TBA: Incorporating domain knowledge in machine learning based parameter estimation for watershed models
Xingyuan Chen1, Peishi Jiang1, Pin Shuai1, and Alex Sun2
1Pacific Northwest National Laboratory, Richland, Washington, USA
2University of Texas, Austin, Texas, USA
Process-based watershed models that couple subsurface, land-surface, and energy budget processes are highly desired at the watershed and basin scales to answer a wide range of science questions. Many parameters in those models are difficult and expensive to measure directly at the spatial extent and resolution required by fully distributed watershed models. The wide availability of stream surface flow data and remote-sensing data products, compared to groundwater monitoring data, provides new data sources for inverse modeling to infer parameters including the soil and geologic properties in integrated surface and subsurface hydrologic models. We have successfully applied deep neural networks (DNNs) to develop inverse mapping that captures complex, highly nonlinear relationships between model parameters and observed system responses across a number of watersheds within the United States. Given the increasing computational cost of fully distributed, mechanistic watershed models, we found that domain knowledge gained from multi-step sensitivity analyses can effectively reduce the dimensionality and hence size of ensemble forward simulation required for training accurate DNNs. Instead of mapping all observations to all model parameters to be estimated, we strategized the estimation by systematically understanding the spatial and temporal information content in multiple types of data for each parameter. Using multi-year streamflow observations at the watershed outlets, we found that including a dry-year streamflow response is more important than the wetter years for estimating subsurface properties. The evapotranspiration (ET) data products from remote sensing may not add additional information to watershed parameter estimation when streamflow observations are available. However, they could still be valuable for ungaged watersheds. Our studies highlight the importance of developing and incorporating domain knowledge when applying machine learning methods to assist watershed modeling, shedding new light on broader applications of machine learning methods in various Earth science domains.

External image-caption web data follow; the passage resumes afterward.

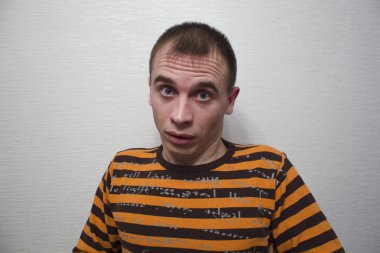 Genç adam duyguları ifade etme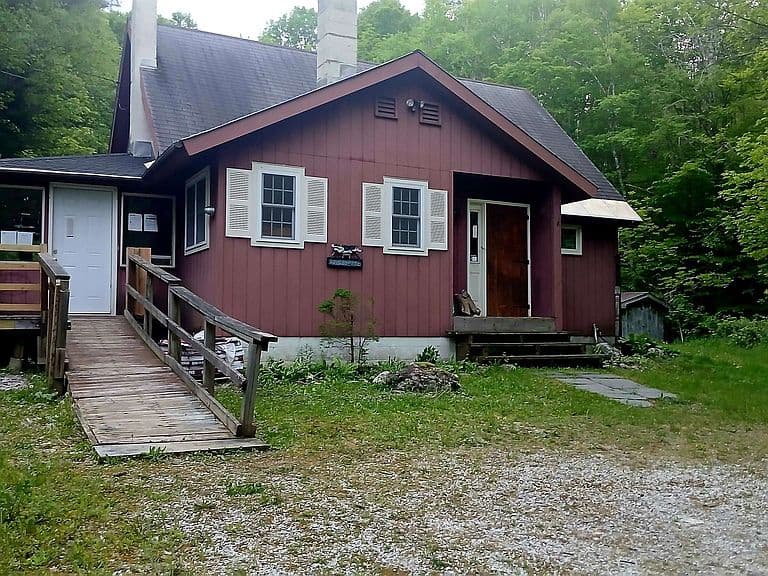 409 Jim Town Road photo 4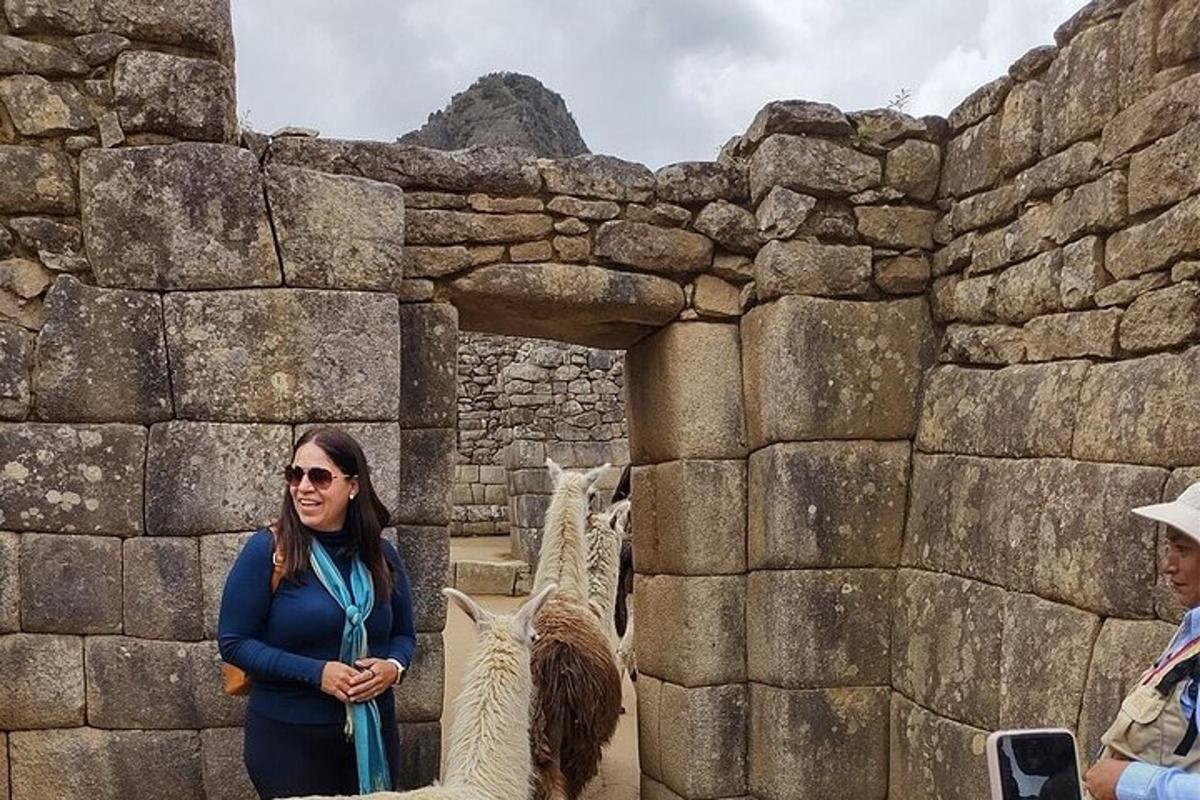 una donna in piedi davanti a un muro di pietra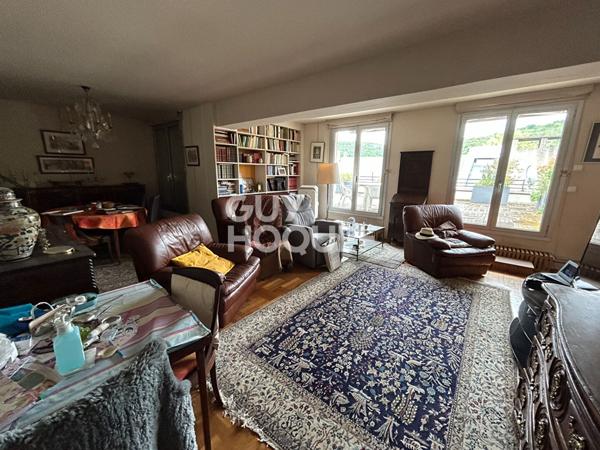 Dernier étage avec terrasse !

Xingyuan is a senior Earth cientist in the Atmospheric Measurement and Data sciences Group of the Pacific Northwest National Laboratory. Her main research interests include watershed hydrologic and biogeochemical modeling, stochastic inverse modeling, data assimilation, uncertainty quantification, and data-model integration using machine learning methods. Xingyuan got her PhD in Civil and Environmental Engineering from University of California at Berkeley. Prior to that, she got her Master’s degree in Civil Engineering from Hong Kong University of Science and Techology, and her Bachelor’s degree in Hydraulic Engineering from Tsinghua University in Beijing, China.